Winston Churchill dengan benar berargumen bahwa bercakap-cakap adalah lebih baik daripada berperang. Pembicaraan lebih baik karena pertempuran itu merusak, tidak dapat diprediksi, dan mahal. Ironisnya, Mr. Trump sedang bernegosiasi atas program nuklir yang dulunya dikendalikan oleh kesepakatan yang ia batalkan, sementara mencoba untuk membuka kembali selat yang ditutup oleh perang ilegal yang ia mulai. Kesepakatan antara Iran dan Amerika – bagaimanapun juga tidak sempurna – akan membuat dunia menjadi lebih baik daripada konflik yang berlanjut, terutama ketika pasar minyak, gas, dan keuangan begitu erat terkait.
Waktu semakin menipis untuk kembali ke meja perundingan. Nasib gencatan senjata saat ini tidak hanya bergantung pada Washington dan Tehran, tetapi juga pada Israel, yang kampanye militer yang diperluas di selatan Lebanon melawan Hezbollah – merobohkan desa-desa untuk membentuk zona buffer – telah menuduh mereka melakukan kejahatan perang.
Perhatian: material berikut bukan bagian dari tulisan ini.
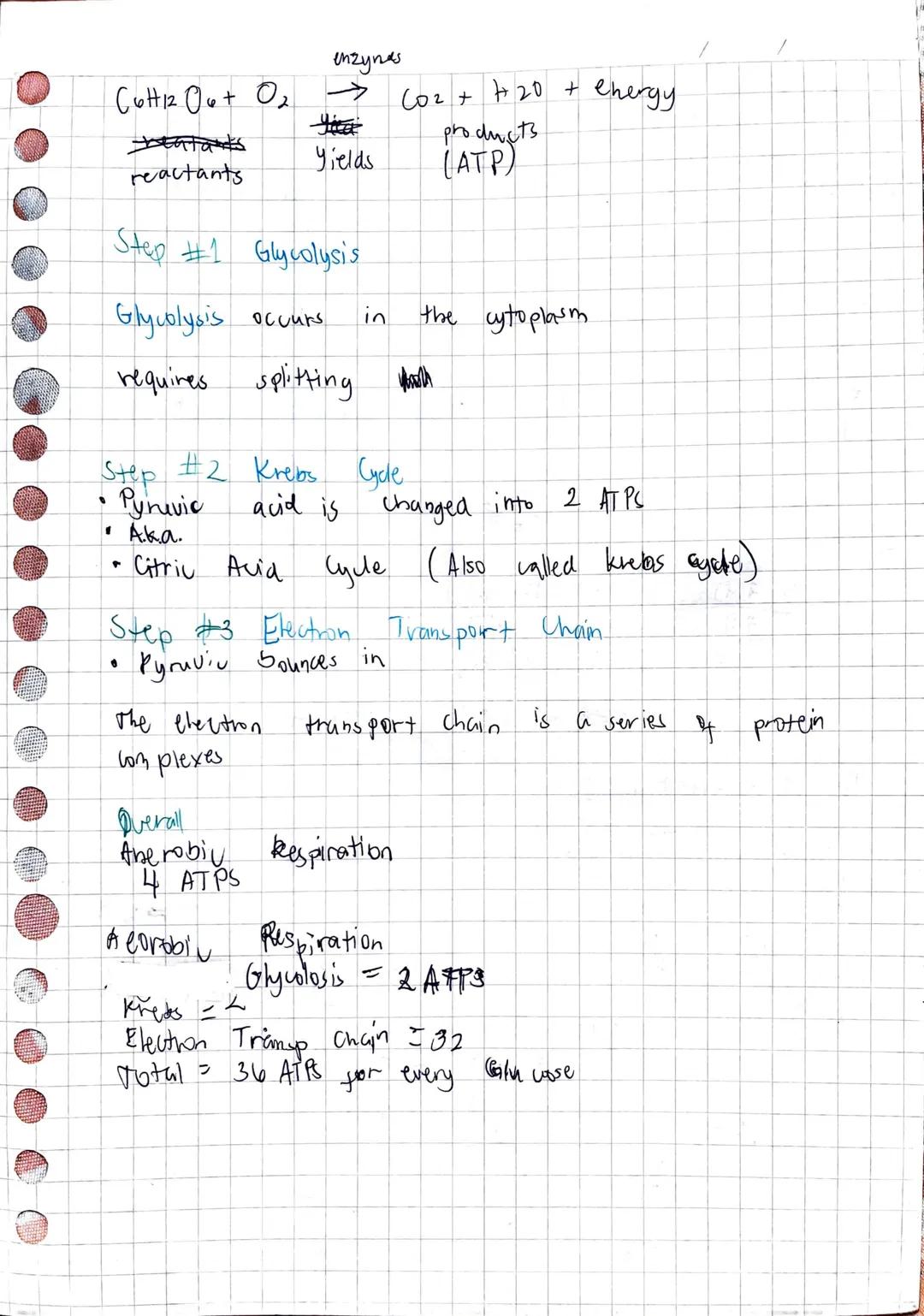 --- OCR Start ---
/Biology (Mr. Carlo Gumangan)
→Cell Biology
All cells have a plasma membrane surrounding the cytosol
(a semifluid, jellyli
Pasar kemungkinan tidak akan merespons positif terhadap peristiwa akhir pekan ini. Gedung Putih menganggap ancaman sebagai diplomasi, dengan aneh mengharapkan penghormatan. Mr. Trump mungkin ingin terlihat sebagai orang yang keras, tetapi para pemilih Amerika sedang menghadapi realitas yang berbeda setiap kali mereka berhenti di pom bensin. Dengan harga bahan bakar yang sudah melonjak, keputusannya untuk memberlakukan blokade navalisasi di Iran dan Selat Hormuz berisiko meningkatkan tekanan yang akan diringankan. Mengganggu jalur yang membawa sebesar seperlima minyak global akan membuat harga naik, dengan efek yang merembet jauh melebihi Teluk. Bagi Tehran, bertahan hidup sendiri sudah merupakan bentuk keberhasilan.
Gencatan senjata akan berakhir dalam waktu lebih dari satu minggu. Perbincangan belum berakhir, tetapi terjadi kebuntuan. Namun, logika eskalasi semakin muncul. Iran tidak mungkin mundur – lebih memilih untuk mengujicoba ketegasan AS di laut. Serangan darat penuh skala mungkin dibatasi saat ini oleh panas musim panas di Teluk, tetapi konflik berisiko berubah menjadi bentuk yang lebih berbahaya – konfrontasi angkatan laut, serangan udara, dan perang proksi – tanpa jalan keluar. Tidak akan ada pemenang dalam skenario seperti itu, hanya pecundang.